Okay, I've thought about this before and have a weird way about reasoning through this:
I don't think there's any real objective definition of good and bad.
I think that, at the very least, for a society to be successful and not self-destruct, it must possess mechanisms by which its members are socialized into behaving in non-dysfunctional ways.
Many of these "non-dysfunctional" values seem to be universal (e.g. don't kill everyone). Whether or not they're human nature is a question I'm not willing to come to any conclusion on. They may very well be, but, as I said above, at the very least most people are socialized to have them.
But since something like "don't kill people" ** seems pretty universal, aside from a few dysfunctional serial killers, it would appear that, by and large, a human trait is that we don't like to kill one another recklessly; and even if it's not an innate attitude, it is a value ubiquitous enough that it might as well be.
So I even though I technically don't believe in any objective definition of good or bad, I purposely limit myself to a framework of "What sorts of behavior would destroy society?" and evaluate good/bad as what I think is universally required for societies to persist. I do this for practical reasons; I think anything beyond that framework, frankly, is pedantic and a waste of time.

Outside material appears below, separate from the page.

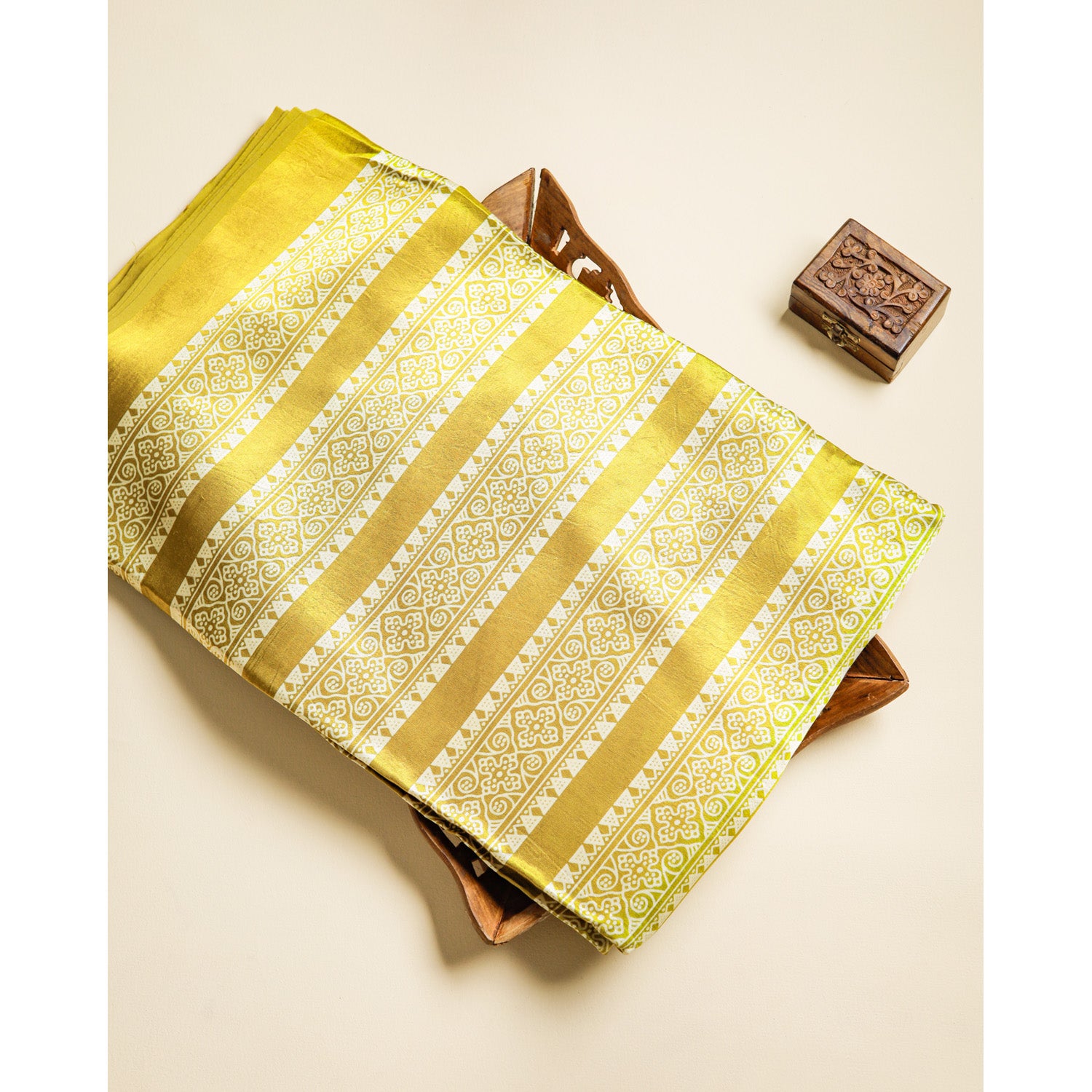 MASHRU SILK PRINTED FABRIC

And yes, I think these "good" qualities are, at the very least, socialized into most people; and, at the very most, are human nature.
So I voted that (most) people are basically good. Sort of.

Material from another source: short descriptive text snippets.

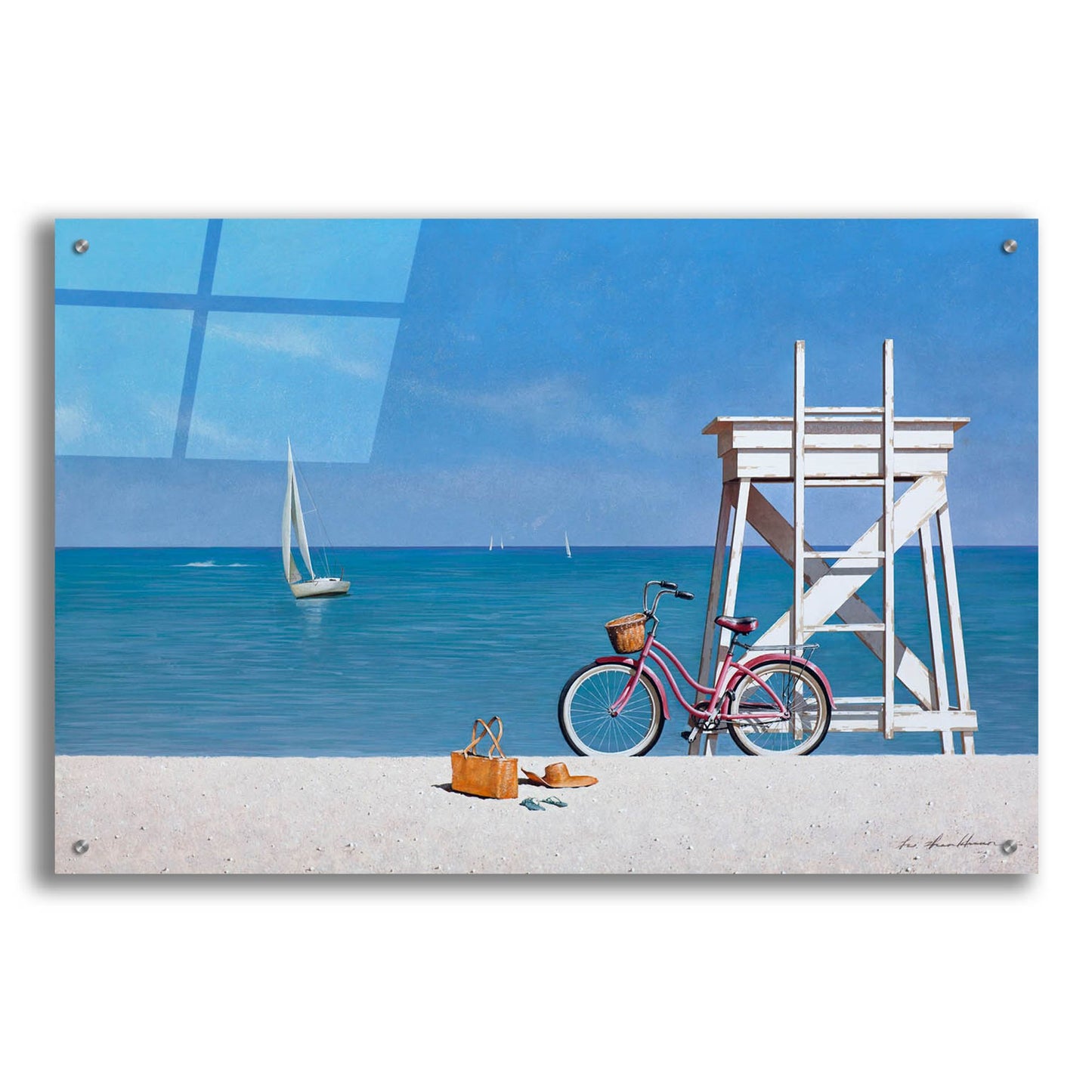 Epic Art 'Beach Bike 3' by Zhen-Huan Lu, Acrylic Glass Wall Art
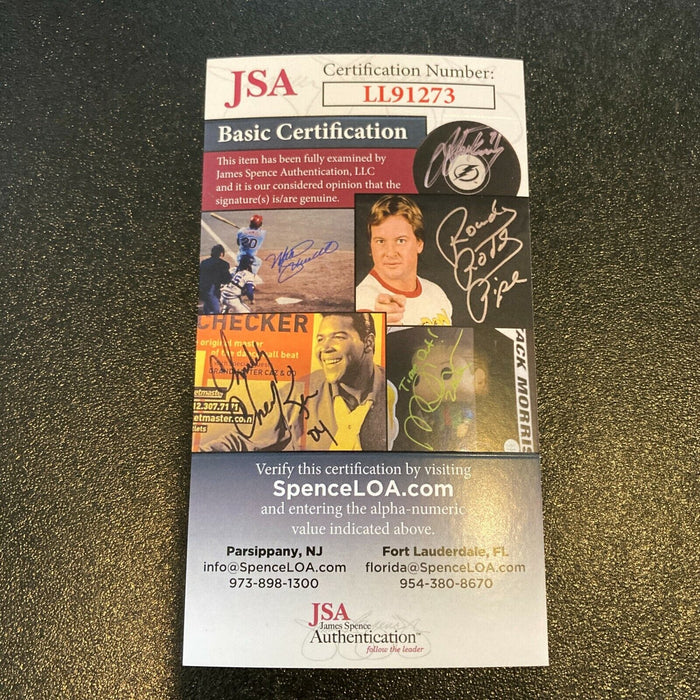 Ed Harris Signed Autographed The Rock VHS Movie With JSA COA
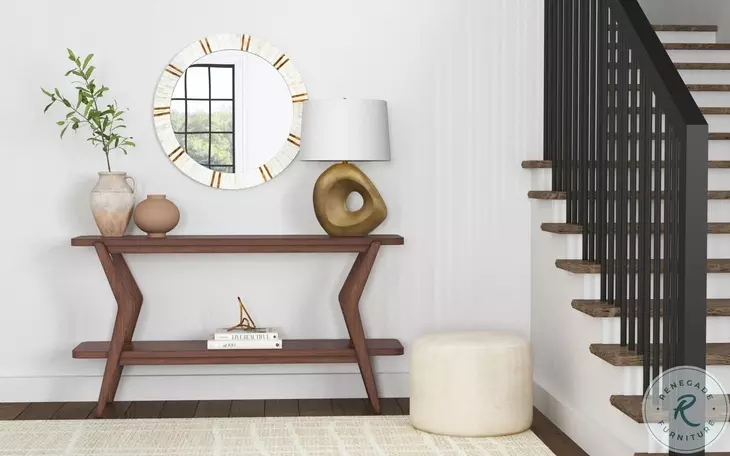 Anderson Cream Round Ottoman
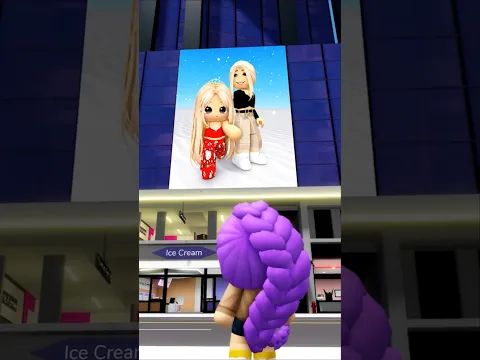 Little Rumi saw not cute anymore trend on the building😍 #robloxshorts #roblox #shorts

** Things like war are a major discrepancy here; but war is usually justified internally within a society as vital for its self-preservation, so I don't really see a contradiction. On the other hand, I'm not prepared to say that the willingness to kill over ridiculous tribal divisions (no matter how sophisticated they've become) is a value that's universally required for a society to function, so I don't think wars are necessarily moral. Thus, otherwise good people do bad things, etc.